Captioned web images:
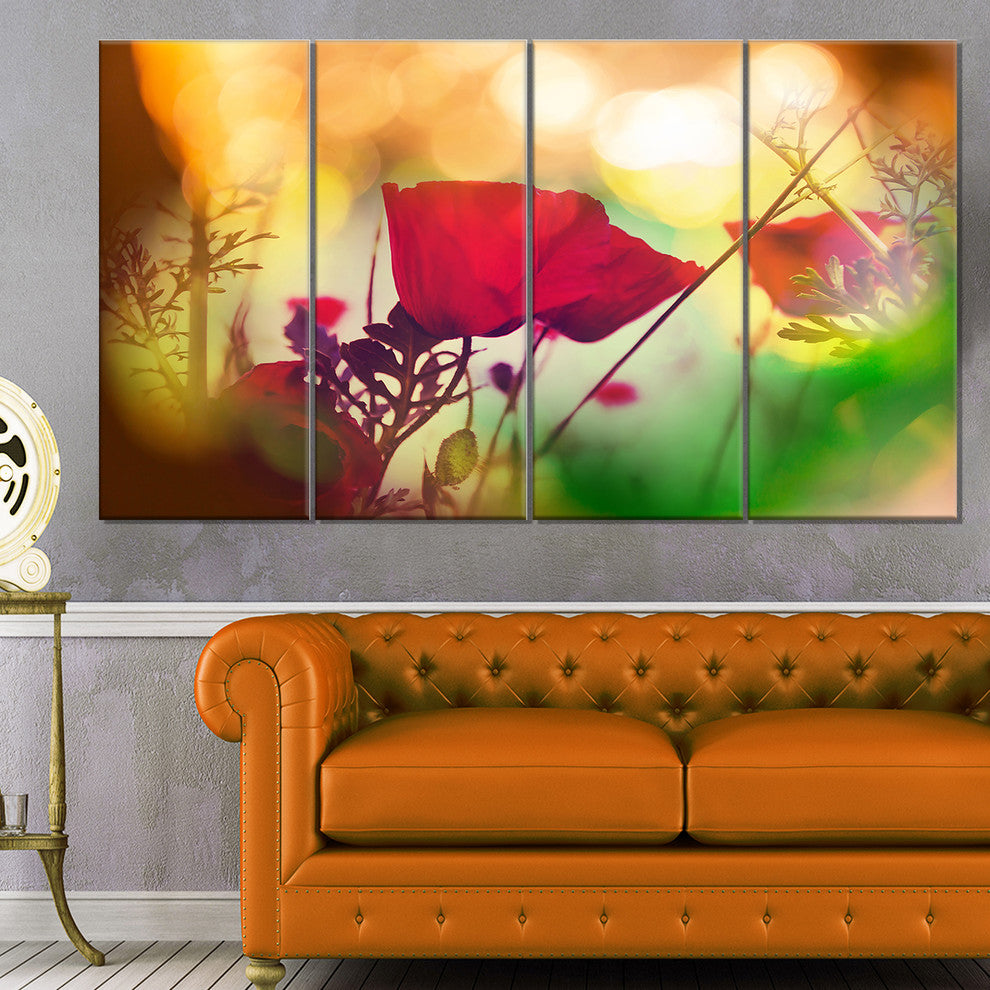 Poppy Flowers with Bokeh Background, Floral Canvas Art Print, 48"x28", 4 Panels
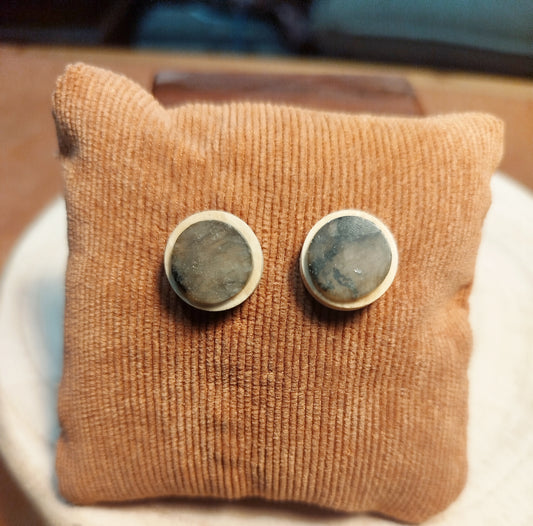 Boucles d'oreilles clou bois et Labradorite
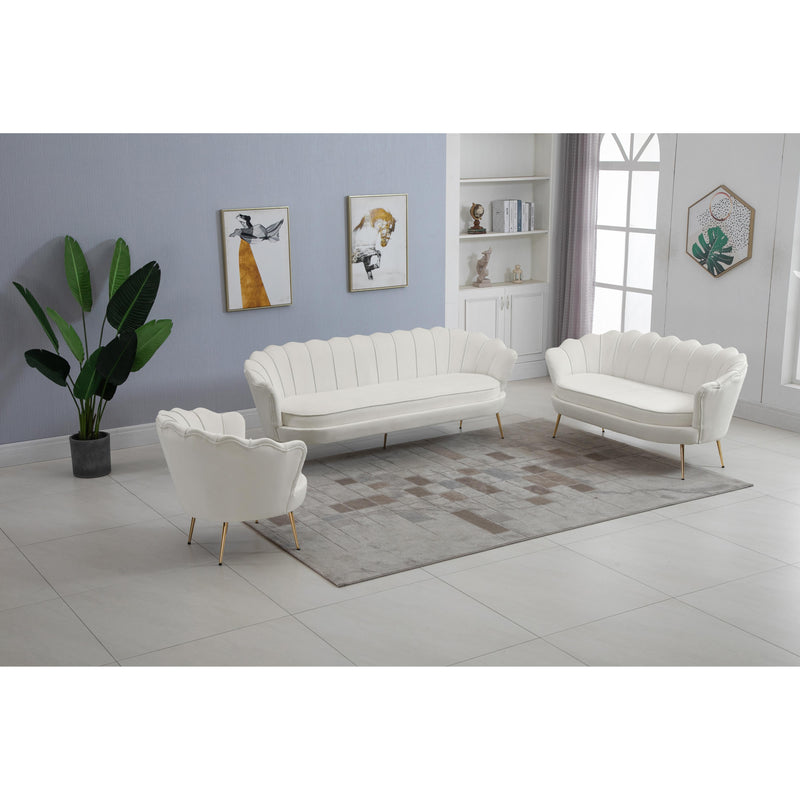 Meridian Gardenia Cream Velvet Chair IMAGE 18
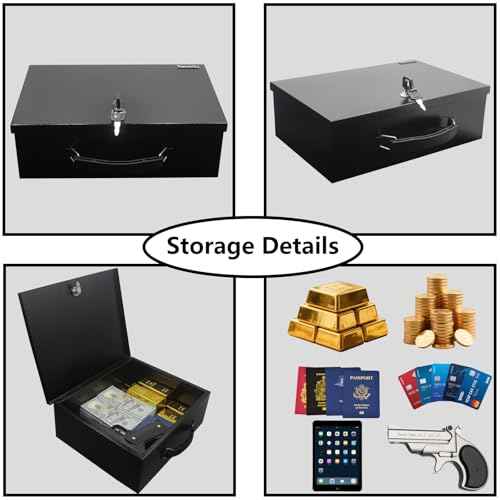 Yuanshikj Fireproof Lock Safe Box for Documents, Key Lock Steel Security with Carrying Handle, for Personal Items, Cash,Jewelry, Money, 0.38 CU, 13.2" W x 11" D x 4.5" H, Black
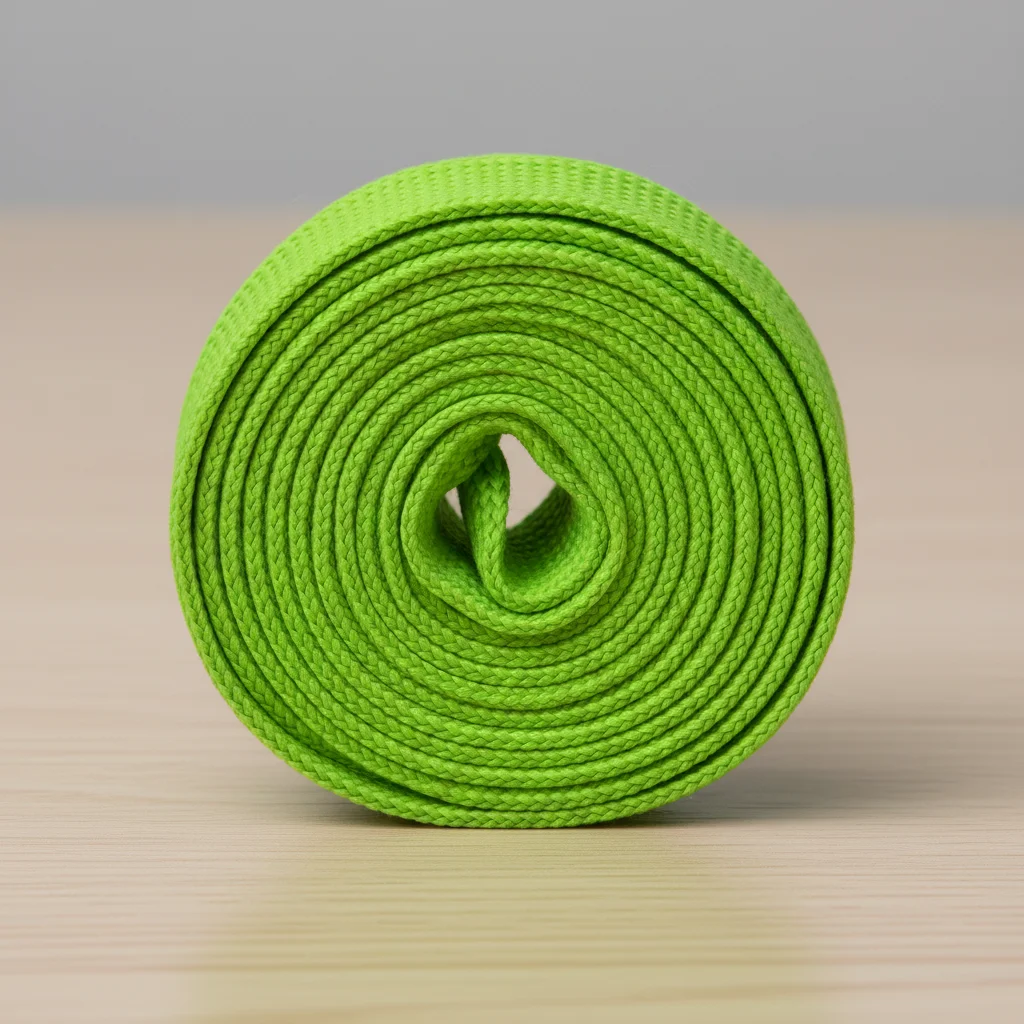 Lacet Plat Large Vert Pomme 18mm - Vue 5 - Lacet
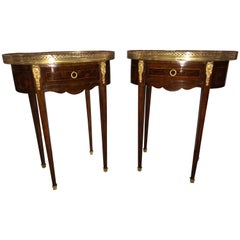 Pair of 19th Century Parquetry Inlaid Oval Marble-Top End Tables or Lamp Tables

Prompt
From the line containing "Meridian Gardenia Cream" down to the last line of the data above, transcribe exactly those lines and no others; omit the pictures.

Your solution
 Meridian Gardenia Cream Velvet Chair IMAGE 18
 Yuanshikj Fireproof Lock Safe Box for Documents, Key Lock Steel Security with Carrying Handle, for Personal Items, Cash,Jewelry, Money, 0.38 CU, 13.2" W x 11" D x 4.5" H, Black
 Lacet Plat Large Vert Pomme 18mm - Vue 5 - Lacet
 Pair of 19th Century Parquetry Inlaid Oval Marble-Top End Tables or Lamp Tables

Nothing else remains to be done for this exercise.